Getting your money house in order – CSUMB economist provides insight

Subhra Saha says a good starting point for taking better control of your finances is to first look at what you’ve done.

Subhra Saha
CSUMB's Subhra Saha encourages people to appreciate their financial accomplishments and face challenges realistically. | Photo by Brent Dundore-Arias

By Mark Muckenfuss

Cal State Monterey Bay’s Subhra Saha has three main pieces of financial advice for the coming year: assess your situation realistically, prioritize your spending and always have a backup plan.

And, he adds, don’t be too hard on yourself.

“Give yourself some grace,” he said. “Allow yourself to fail, but fail while trying. If a goal is not met, what you do then will determine your success. The issue is commitment.”

Saha, who has a doctorate in economics from The Ohio State University, has been with CSUMB’s College of Business for nine years. He said a good starting point for taking better control of your finances is to first look at what you’ve done.

“Reflect on what are or were your financial victories in 2023 and what were your financial anxieties,” he said. “What are the things that keep you up at night?”

It’s those things that deserve priority, he said. Once you’ve identified them, which may not take much time, a good warmup exercise is to evaluate your current situation. 

“What dollars come in, and which activities are responsible for money going out?” he said. 

Determine if there are ways to modify those amounts.

“Ask yourself, do I really need to spend my money on this? Is there somewhere else I could use time and money?” he said. “The idea is to give yourself space, so you can work around it, so you don’t feel backed into a corner. Think about the fact that you have a choice in the matter.”

Very often people struggling with finances are faced with credit card debt. Saha said he knows from personal experience how easy it can be to rack up such debt.

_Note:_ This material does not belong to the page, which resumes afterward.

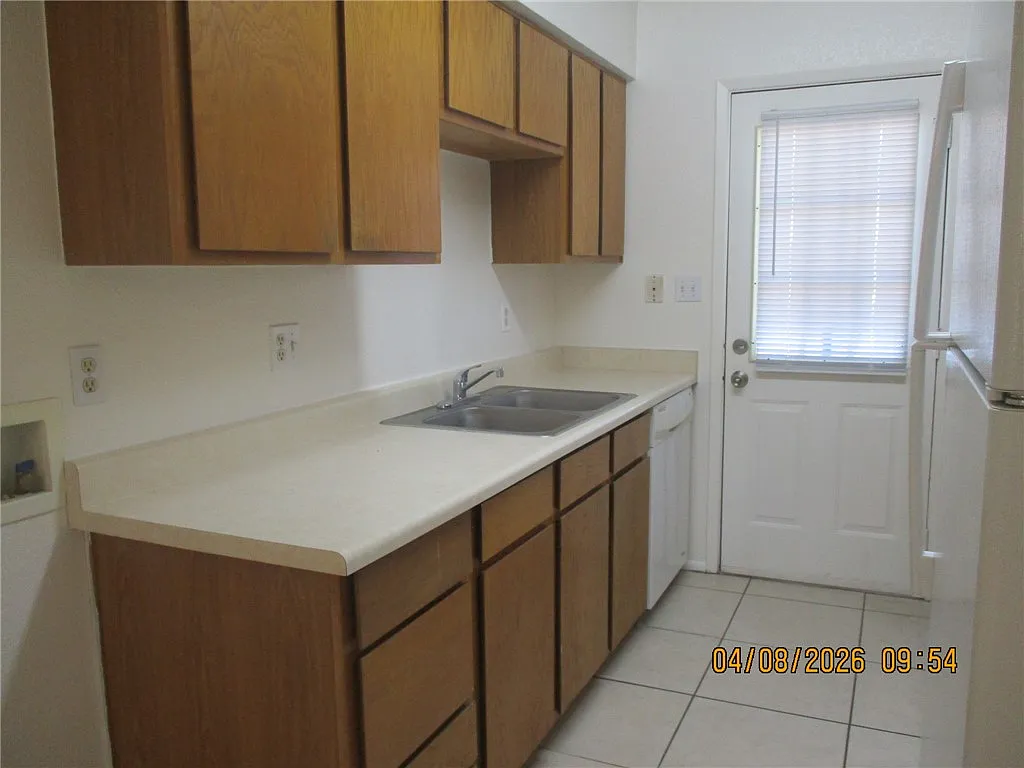2 bed, 1.0 bath, 720 sqft, $945 — Photo 4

“I come from a really poor family in India,” Saha said. “When I first came to the U.S. and got a credit card, I couldn’t stop spending.”

He recommends not spending more than 10% of your credit limit on a card, and avoiding taking out credit card loans.

“Credit loans are like fire,” he said. “They can burn you to death.”

If credit card debt is swallowing your income, seek out a credit counselor, he said. 

Once you’ve assessed your financial situation and set your spending priorities, Saha said, establish a backup plan.

“Have a Plan B,” he said. “If I lose my job, do I have an emergency fund? Planning doesn’t guarantee success, but it helps mitigate shocks.”

Looking at the flip side, if your finances are in good order and you have extra money on hand, investing it can be a good move, Saha said. 

“Talking to a financial advisor is probably the best option,” he said. “The first meeting is usually free.”

If the stock market looks like a good option, he said, “Open a brokerage account, many are free.”

And, he adds, play the long game. 

Short-term gains are risky,” he said. “Think about putting money in index funds. Think about becoming a long-term investor.”

That, in itself, can provide a good Plan B.